Brian, calling into The Ramsey Show from Van Nuys, California, recently walked away from a construction job to start his own handyman business. The numbers speak for themselves. He's pulling in about $120,000 a year now, compared to the $55,000 to $60,000 he made working for someone else. He's debt-free, has both personal and business emergency funds, and clients are lining up for his services.
So what's the problem? Family members keep questioning whether his pricing is fair and whether self-employment is actually stable. His former employer reached out asking if he plans to come back. And Brian told them he was taking a "break" when he left, not making a permanent exit, which has created some awkward expectations.
"I feel bad like I let my ex-employer down," Brian admitted.
The Math Doesn't Care About Your Feelings
Brian spent seven years in construction starting at age 18, earning roughly $30 an hour.

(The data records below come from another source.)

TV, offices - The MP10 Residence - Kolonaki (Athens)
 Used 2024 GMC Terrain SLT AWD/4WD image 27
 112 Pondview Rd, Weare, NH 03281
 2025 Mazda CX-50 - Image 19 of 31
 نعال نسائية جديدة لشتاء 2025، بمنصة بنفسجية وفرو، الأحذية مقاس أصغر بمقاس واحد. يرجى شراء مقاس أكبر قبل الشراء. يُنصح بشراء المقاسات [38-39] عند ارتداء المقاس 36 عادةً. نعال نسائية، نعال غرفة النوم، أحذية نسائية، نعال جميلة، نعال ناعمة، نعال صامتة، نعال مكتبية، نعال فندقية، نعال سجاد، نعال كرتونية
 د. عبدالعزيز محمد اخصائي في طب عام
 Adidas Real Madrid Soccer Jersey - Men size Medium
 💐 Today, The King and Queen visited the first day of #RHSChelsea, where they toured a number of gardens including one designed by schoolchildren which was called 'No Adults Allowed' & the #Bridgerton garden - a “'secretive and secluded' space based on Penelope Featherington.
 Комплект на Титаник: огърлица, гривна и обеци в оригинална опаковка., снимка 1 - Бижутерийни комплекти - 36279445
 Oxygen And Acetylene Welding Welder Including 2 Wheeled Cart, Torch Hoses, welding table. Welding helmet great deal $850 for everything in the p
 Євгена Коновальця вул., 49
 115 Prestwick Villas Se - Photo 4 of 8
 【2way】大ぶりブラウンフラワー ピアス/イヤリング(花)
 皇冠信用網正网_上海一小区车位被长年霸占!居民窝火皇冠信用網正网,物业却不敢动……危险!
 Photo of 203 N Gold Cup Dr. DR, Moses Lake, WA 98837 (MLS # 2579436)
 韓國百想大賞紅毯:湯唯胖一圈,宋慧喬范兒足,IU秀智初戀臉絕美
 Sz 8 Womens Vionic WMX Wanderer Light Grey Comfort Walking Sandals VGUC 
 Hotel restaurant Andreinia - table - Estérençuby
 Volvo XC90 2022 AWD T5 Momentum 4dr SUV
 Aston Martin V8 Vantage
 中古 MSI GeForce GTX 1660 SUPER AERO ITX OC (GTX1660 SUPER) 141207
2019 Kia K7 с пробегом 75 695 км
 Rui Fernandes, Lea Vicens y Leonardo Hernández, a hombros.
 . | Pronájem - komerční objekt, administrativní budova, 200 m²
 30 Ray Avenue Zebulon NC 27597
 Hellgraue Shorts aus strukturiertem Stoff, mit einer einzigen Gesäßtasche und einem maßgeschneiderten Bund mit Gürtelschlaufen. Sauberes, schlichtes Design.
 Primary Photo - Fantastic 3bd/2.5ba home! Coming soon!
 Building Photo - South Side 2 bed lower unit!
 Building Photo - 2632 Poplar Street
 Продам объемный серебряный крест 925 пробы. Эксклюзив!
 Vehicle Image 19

That's solid work, but once he started charging market rates for skilled handyman services on his own, the income gap became impossible to ignore. He built up emergency funds on both sides of the business and has steady demand. By every measurable standard, this move worked.
Personal finance expert Dave Ramsey didn't waste time with the emotional hand-wringing. "I'm confused where the mistake might be," he said, pointing out the obvious contrast between Brian's old paycheck and his current earnings.
Co-host Ken Coleman tackled the stability concerns head-on. "The fact of the matter is, you are more stable working for you with the skill sets that you have," Coleman said. The idea that a W-2 automatically equals security while self-employment means risk is one of those myths that refuses to die, even when the evidence suggests otherwise.
Security Isn't About Loyalty
Ramsey pushed back on the notion that loyalty to a former employer should trump a massive pay increase. He shared an example about a relative who believed corporate employment was the only real form of security, even when the income didn't support the lifestyle that belief promised.
His take on what security actually means was blunt and memorable: "Security comes from your ability to get up, leave the cave and kill something and drag it home."
In other words, security isn't tied to a company or a title. It's tied to skills that generate income. Brian has those skills, and the market is paying him twice as much for them as his old employer did. The guilt he's feeling isn't about money or stability. It's about the emotional weight of disappointing people who think traditional employment is the only safe path.
Sometimes the hardest part of making the right financial decision is dealing with everyone who thinks you made the wrong one.